Sunday, February 3, 2008

We Can't Serve You, Sir--You Are Too Fat

I mentioned a couple of days ago about how the British National Health Service is discussing paying a truly shocking amount of money for "surrogate mothers" to bear children for couples who can't have them (both heterosexual and homosexual couples)--while life threatening illnesses (not elective procedures like this) are too expensive for NHS to handle.

I've also mentioned in the past
that while some legitimate medical procedures were on long waiting lists in Canada, the Ontario Health Minister was enthusiastically supporting having the government pay for sex change operations--a procedure that is at best elective, and at worst, a waste of money.

Now, a friend points me to this proposal being considered in the Mississippi legislature that is a logical outgrowth of the idea that we are all in this together with respect to health insurance--a law that would prohibit restaurants from serving the obese. Now, if I ran a restaurant, there are people who might suggest need to go elsewhere. But that does not seem to me to be the government's job, anymore than it is their job to tell you who many children to have, what position to have sex in, or whether or not you are allowed to have cookies in the house or not.

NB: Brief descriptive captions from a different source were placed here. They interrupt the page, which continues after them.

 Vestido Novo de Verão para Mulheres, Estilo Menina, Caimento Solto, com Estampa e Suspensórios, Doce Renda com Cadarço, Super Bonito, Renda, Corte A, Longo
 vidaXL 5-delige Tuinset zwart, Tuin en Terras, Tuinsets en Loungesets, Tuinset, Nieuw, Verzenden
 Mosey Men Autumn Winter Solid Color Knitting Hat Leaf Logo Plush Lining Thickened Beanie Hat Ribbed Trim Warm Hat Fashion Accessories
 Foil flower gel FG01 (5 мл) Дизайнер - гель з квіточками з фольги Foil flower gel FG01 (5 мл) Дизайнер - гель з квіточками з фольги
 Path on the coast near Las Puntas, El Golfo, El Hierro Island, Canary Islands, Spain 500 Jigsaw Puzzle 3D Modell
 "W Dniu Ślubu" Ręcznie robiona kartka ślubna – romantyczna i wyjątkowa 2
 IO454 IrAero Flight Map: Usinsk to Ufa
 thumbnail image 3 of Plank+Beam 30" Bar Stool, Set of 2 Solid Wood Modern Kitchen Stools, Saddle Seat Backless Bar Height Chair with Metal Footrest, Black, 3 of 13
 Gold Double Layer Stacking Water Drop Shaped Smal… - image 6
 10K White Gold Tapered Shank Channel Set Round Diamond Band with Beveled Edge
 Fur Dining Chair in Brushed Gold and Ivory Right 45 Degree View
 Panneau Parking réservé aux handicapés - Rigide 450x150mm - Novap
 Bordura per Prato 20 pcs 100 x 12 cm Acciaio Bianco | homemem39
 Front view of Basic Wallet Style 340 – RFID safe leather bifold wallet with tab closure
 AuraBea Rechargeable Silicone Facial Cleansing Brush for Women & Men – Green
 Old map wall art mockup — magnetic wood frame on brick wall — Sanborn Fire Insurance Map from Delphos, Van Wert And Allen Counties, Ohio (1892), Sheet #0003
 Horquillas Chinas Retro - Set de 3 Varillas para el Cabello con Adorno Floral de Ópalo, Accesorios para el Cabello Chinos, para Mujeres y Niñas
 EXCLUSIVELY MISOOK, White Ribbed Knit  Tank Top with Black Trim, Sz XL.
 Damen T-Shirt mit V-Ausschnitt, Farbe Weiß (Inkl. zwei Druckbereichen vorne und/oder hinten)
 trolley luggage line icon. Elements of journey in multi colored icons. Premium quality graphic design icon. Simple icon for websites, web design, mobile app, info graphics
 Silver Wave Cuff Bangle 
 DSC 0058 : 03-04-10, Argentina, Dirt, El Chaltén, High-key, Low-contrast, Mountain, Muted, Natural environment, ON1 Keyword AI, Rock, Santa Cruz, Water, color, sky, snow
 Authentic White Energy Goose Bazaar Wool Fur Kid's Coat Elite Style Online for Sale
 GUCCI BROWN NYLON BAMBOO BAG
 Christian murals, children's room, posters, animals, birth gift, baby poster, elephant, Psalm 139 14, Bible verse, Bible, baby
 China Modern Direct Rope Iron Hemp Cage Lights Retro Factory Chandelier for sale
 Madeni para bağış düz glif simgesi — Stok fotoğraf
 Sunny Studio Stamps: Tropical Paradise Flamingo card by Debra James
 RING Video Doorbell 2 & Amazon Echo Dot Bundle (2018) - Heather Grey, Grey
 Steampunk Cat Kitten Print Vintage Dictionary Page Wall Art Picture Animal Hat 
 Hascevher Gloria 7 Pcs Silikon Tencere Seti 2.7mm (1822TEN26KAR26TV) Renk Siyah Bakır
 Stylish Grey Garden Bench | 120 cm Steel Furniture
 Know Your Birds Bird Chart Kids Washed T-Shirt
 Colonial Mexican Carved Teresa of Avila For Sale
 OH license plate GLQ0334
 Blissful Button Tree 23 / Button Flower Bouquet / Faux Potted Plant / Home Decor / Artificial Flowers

Government health insurance is going to inevitably lead to all sorts of bizarre struggles about what is to be allowed, what is to be banned--and what is to be required. For some people, a big family is a blessing from God. For others, it's a weird and somewhat freakish form of genetic imperialism. I'm sure that if the federal government becomes the single health insurer, as many Democrats want, there will be calls from the ZPG crowd to insist that the government only pays for the first two children.

If I have to pay for liver transplants for alcoholics--I am going to insist (not that anyone will listen to me) that the government prohibit these alcoholics from drinking. If I have to pay for medical care for the obese, it is perfectly understandable that the government start telling restaurants that they can't serve the obese. If we have to pay for AIDS treatment, which is very expensive, it is perfectly reasonable to insist that you don't engage in risky behavior.

Having the government be the ultimate insurance company means "one noose, one neck." We are all in this together. At best, we end up paying an increasingly absurd amount of money to deal with bad lifestyle choices. At worst, we end up with an increasingly authoritarian level of control over personal choices.